Melbourne Cambridge Conversation on urban poor and global city aspirations in Middle Eastern cities

Middle eastern scenes

Japanese Room, Level 4, Glyn Davis Building, University of Melbourne, or attend online.

ABP Research Seminar Series 2022: Melbourne Cambridge Conversation on urban poor and global city aspirations in Middle Eastern cities

This seminar series covers two seemingly contrasting but interrelated aspects of contemporary cities in the Middle East: the urban poor and global city aspirations. The first two talks reflect on the experience of the urban poor. While the first one offers a gender perspective on an informal settlement in Karaj, Iran, the second talk presents an ethnography of the urban poor’s interpretation of property rights in a gated community in Cairo, Egypt. In contrast, the third talk presents an elite ethnography of ‘global cities’ interpretations in Dubai.

Presentation 1 - Sombol Mokhles

Women’s personal mobility patterns and social infrastructure in informal settlements in Iran

The impact of different places on women’s mobility and social has not been much explored in the context of informal settlements in Iran, where they face many restrictions due to socio-cultural norms. Using a qualitative approach, this research investigates how different geographies of place affect women’s practices for social interaction and physical activity. Focusing on an informal settlement in Iran, this research shows that unlike mainly western studies that emphasise the benefit of parks, in this case women’s social life flourished on streets and in private and semi-private everyday places such as shops, areas around houses, and workplaces. The results show a considerable difference in the impact of different urban fabrics on women’s practices.

Presentation 2 - Assistant Professor Nicholas Simcik Arese

Sayi‘: Cairo’s Urban Outlaw as Property Rights Experimentalist

In a gated community on the outskirts of Cairo, a group of former slum-dwellers invade 500 hundred homes, build a bustling street market, and use rights language to organize and protect their occupation. However, to navigate the intricacies of private covenants and policing, amidst extreme hostility from a housing corporation and homeowners, squatter leaders must reframe the notion of property rights all together. In doing so, they proudly appropriate the sharpest insult that homeowners use against slum-dwellers: sayi‘, an Egyptian term meaning ‘lazy, immoral bum.’
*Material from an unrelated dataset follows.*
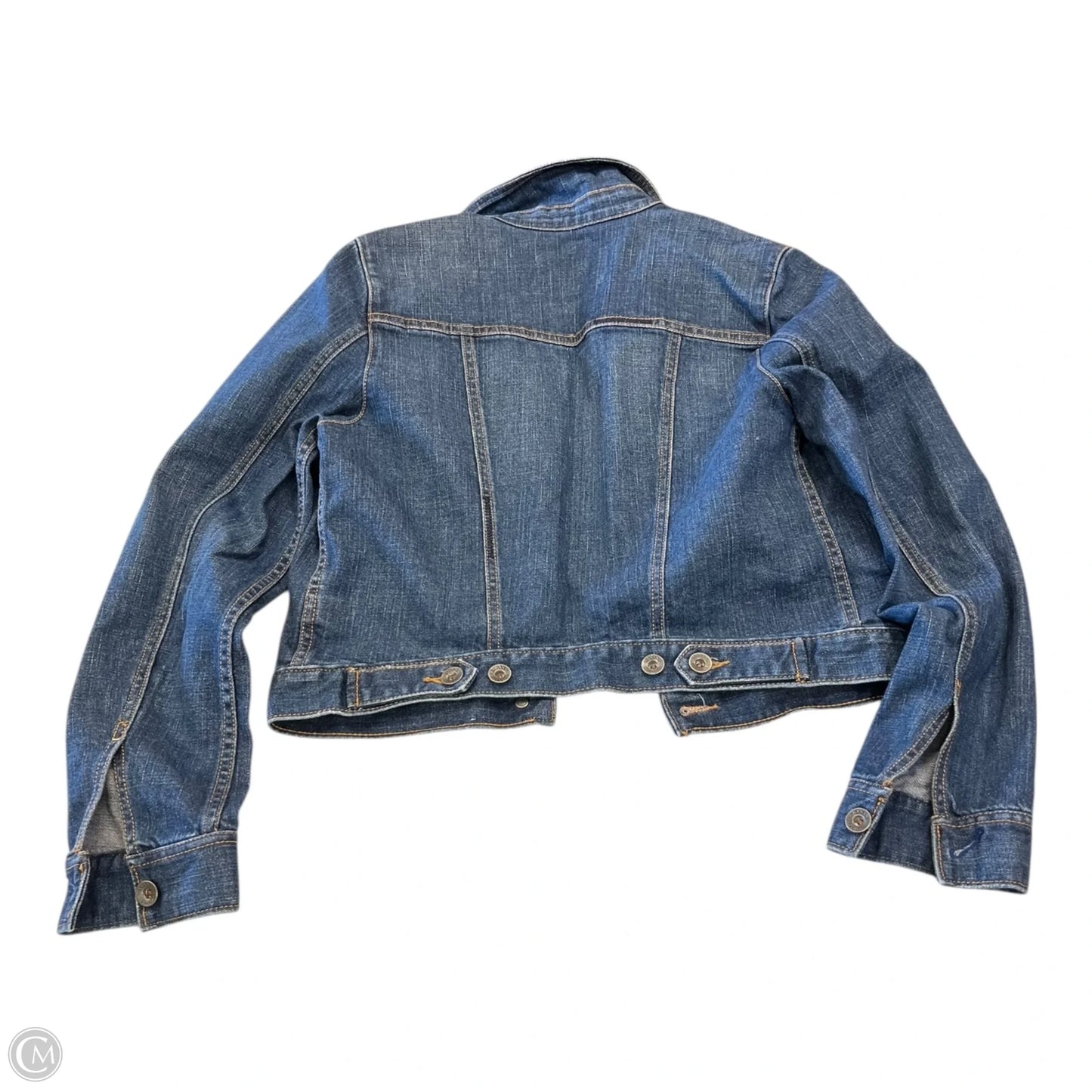 Jacket Denim By Banana Republic In Blue Denim, Size: S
Based on 16-months of participant-observation with the occupiers, research shows how they re-fashion the sayi‘ as an ‘honourable outlaw,’ a figure that is enchanted by the prospect of dispossession, cultivating a near-alchemical power to experiment with property ownership for the common good. In practice, the sayi‘ inverts the common law notion of ‘property as a bundle of rights,’ instead imagining ‘rights as a bundle of properties’ to enact a duty-based system of micro-property rights that can be easily parsed, blended, and brokered.

Presentation 3 - Professor Michele Acuto

What we speak of when we speak of ‘global cities’ in Dubai: an elite ethnography.

Dubai has been much discussed as a meteoric rise in the echelon of ‘global cities’ and an equally contested paradigm of deeply unequal urban development. Drawing on a comparative study of how the ‘global city’ is interpreted by urban development elites, this short research brief offers a snapshot of how global urbanism plays out in the Emirate and how it could be better attuned to a cosmopolitan imagination

Moderator

Dr Julie Tian Miao is an Associate Professor at the University of Melbourne. Her research focuses on the ‘intrapreneurial state’ and ‘innovation-space’, which explore the interfaces between planning, property, governance, innovation and the knowledge economy. She has published over sixty research outcomes on these themes from multidisciplinary approaches.

This event is part of the ABP Global South Research Seminar Series.